Task goal – Apart from the pictures, write out the records that follow exactly.

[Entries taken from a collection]
○ ○ ○ ○ ○

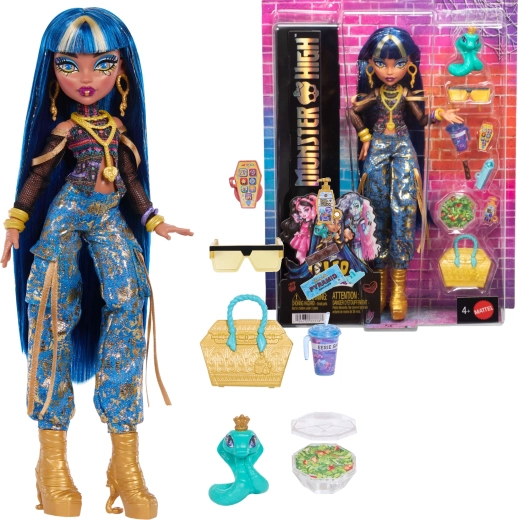 Monster High Cleo De Nile bábika 26 cm s doplnkami a miláčikom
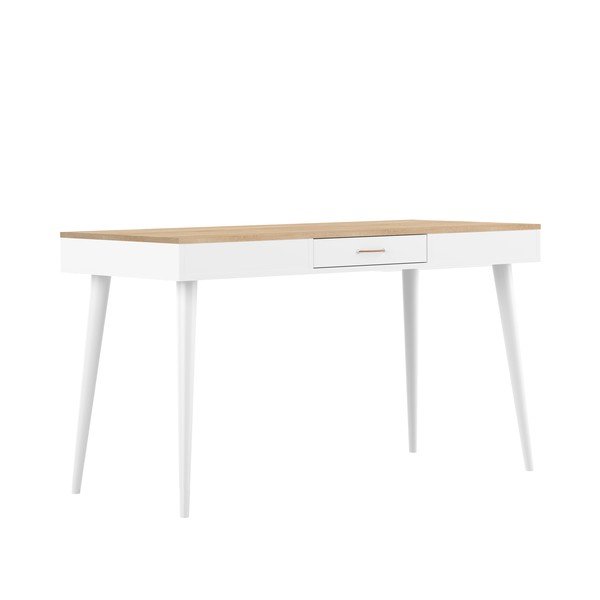 Bijeli radni stol s pločom u dekoru hrasta 134x59 cm - TemaHome -image-2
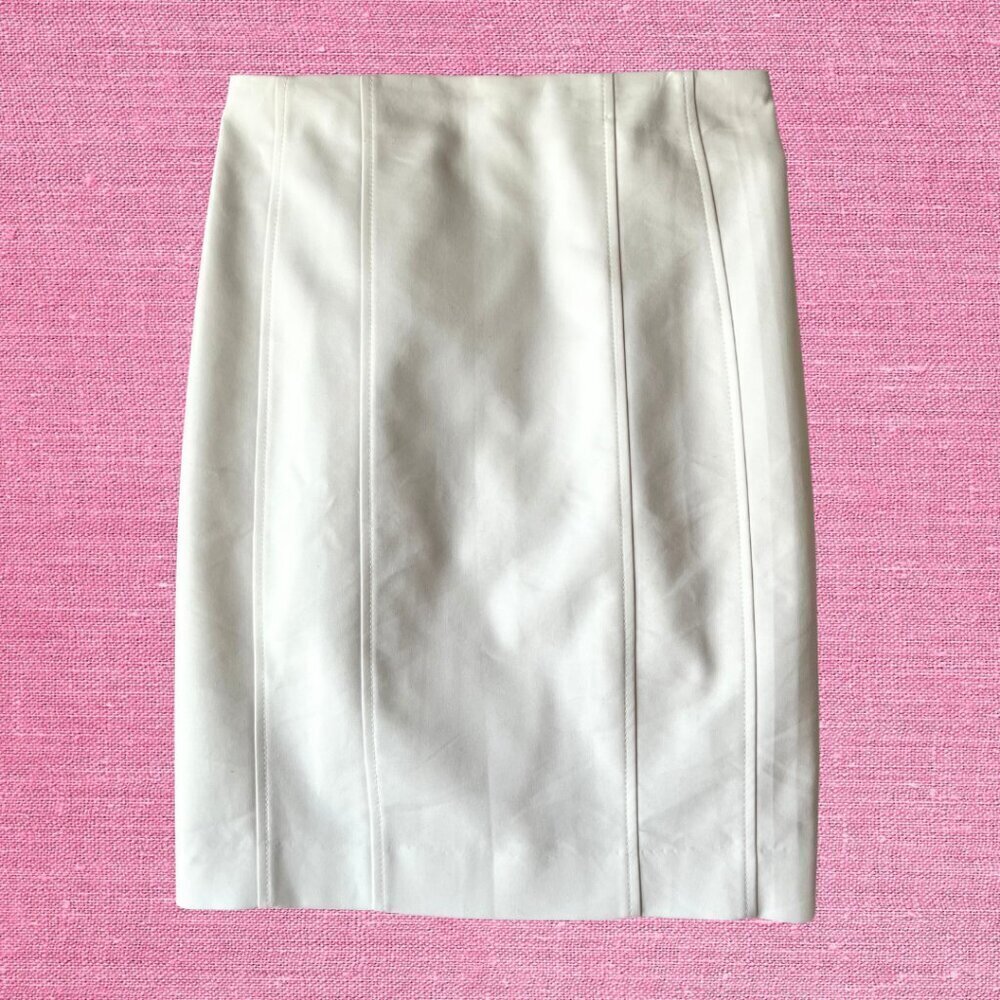 Express [Size 2 EUC] White High Waisted Midi Skirt with Pleated Back Slit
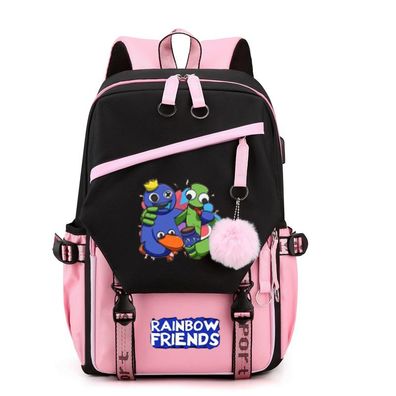 Cartoon Rainbow Friends USB-Lade Schultaschen College Stil Rucksack Outdoor Backpack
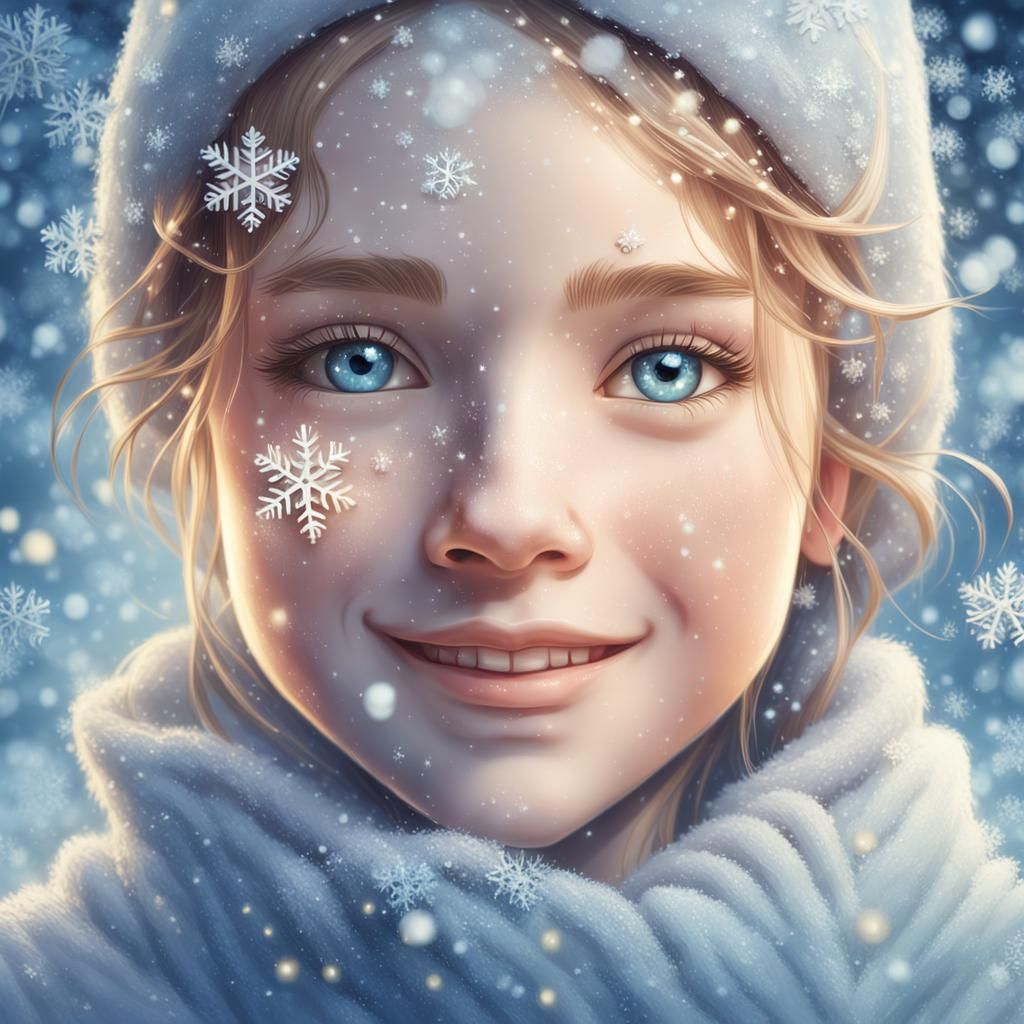 Snowflakes on Smiling Girl: Whimsical Fantasy Portrait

○ ○ ○ ○ ○

Written response –
 Monster High Cleo De Nile bábika 26 cm s doplnkami a miláčikom
 Bijeli radni stol s pločom u dekoru hrasta 134x59 cm - TemaHome -image-2
 Express [Size 2 EUC] White High Waisted Midi Skirt with Pleated Back Slit
 Cartoon Rainbow Friends USB-Lade Schultaschen College Stil Rucksack Outdoor Backpack
 Snowflakes on Smiling Girl: Whimsical Fantasy Portrait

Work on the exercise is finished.